2001-03-10 Polonia Przemyśl - Cracovia 1:0
data kolejki
|
III liga grupa IV , 20 kolejka Przemyśl, sobota, 10 marca 2001
(1:0)
|
|
Skład: Cisek Jabłoński Andruszewski Strzałkowski Laluk (67' Wilusz) Załoga (49 Kawecki) W. Jaroch Kloc Pankiewicz Pastuszak Sierżęga (83' D. Jaroch) Ustawienie: 3-5-2 |
Sędzia: Grzegorz Bartosik z Lublina
|
Skład: Paluch Kowalik (85' Morawski) Fudali Ziółkowski Baster (83' Podsiadło) Dziobek Gruszka Księżyc Wacek (46' Kopyść) Hrapkowicz Hermaniuk (46' Bagnicki) Ustawienie: 3-5-2 |
Opis meczu
Polonię od wiosny prowadzi nowy szkoleniowiec Jerzy Daniło, kibice byli ciekawi, jak drużyna poradzi sobie w konfrontacji z jednym z faworytów ligi. Inauguracja wypadła okazale.

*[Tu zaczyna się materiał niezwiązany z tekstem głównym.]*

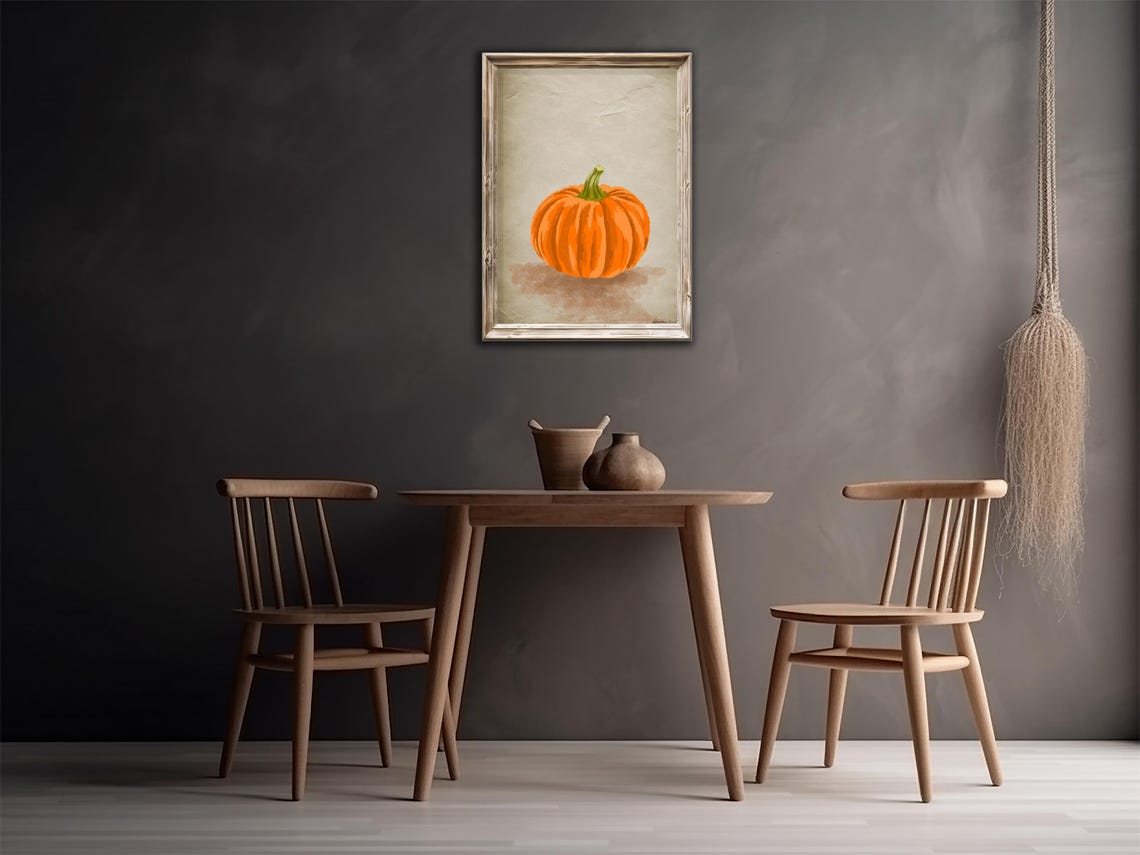 Autumn Harvest Orange Pumpkin Illustration Fall Home Wall Art Print - Image 5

W przemyskiej drużynie dosłownie w ostatniej chwili na pozycji bramkarza nastąpiła zmiana. Kontuzjowanego podstawowego golkipera Galantego, zastąpił mało jeszcze doświadczony Cisek. W pierwszej części poloniści wypracowali sobie więcej okazji strzeleckich. W 12 min miała miejsce akcja, która, jak się okazało, rozstrzygnęła o końcowym wyniku. W obrębie pola karnego sfaulowany został Piotr Pankiewicz. Rzut wolny wykonywał Paweł Kloc, który posłał mierzoną piłkę prosto na głowę do Grzegorza Pastuszaka. Napastnik gospodarzy wyskoczył najwyżej, uprzedzając uśpioną obronę rywala i efektownym uderzeniem głową pokonał Łukasza Palucha. W 25 min mogło już być 2-0. Silny strzał aktywnego Kloca w ostatniej chwili zablokowali obrońcy gości. Przed szansą podwyższenia wyniku stanął także doświadczony Bogusław Sierżęga, jednak minimalnie chybił.

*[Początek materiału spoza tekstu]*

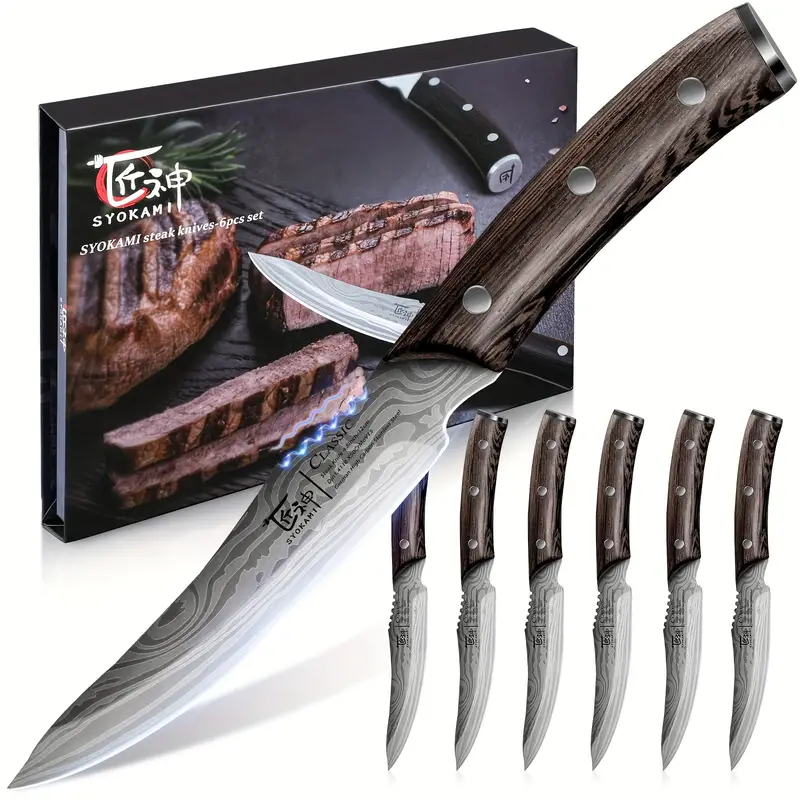Steak Knives Wooden Handle Serrated Knife Set 8 box Wood Stainless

Druga odsłona meczu przebiegała już pod znakiem bardziej żywej gry, przede wszystkim w wykonaniu mających przewagę. Tuż po jej rozpoczęciu ładnym uderzeniem głową popisał się Robert Ziółkowski, lecz miał pecha, albowiem piłka dosłownie musnęła słupek. W 69 min miało miejsce nieprzyjemne w skutkach zdarzenie. Do górnej piłki wyskoczyło dwóch graczy Polonii Paweł Załoga i Waldemar Jaroch, nieszczęśliwie się zderzając. Ten pierwszy został odwieziony do szpitala, drugi natomiast z opatrunkiem na głowie kontynuował grę. Był nawet bohaterem akcji, która miała miejsce w 76 min i o mało co nie doprowadziła do remisu. Po technicznym strzale Marcina Hrapkowicza kibice widzieli już piłkę w bramce Piotra Ciska, kiedy to nagle niczym spod ziemi wydobył się wspomniany Waldemar Jaroch zatrzymując ją na samej linii bramkowej. Również ładnym uderzeniem z dystansu popisał się Tomasz Księżyc, lecz i jemu zabrakło precyzji.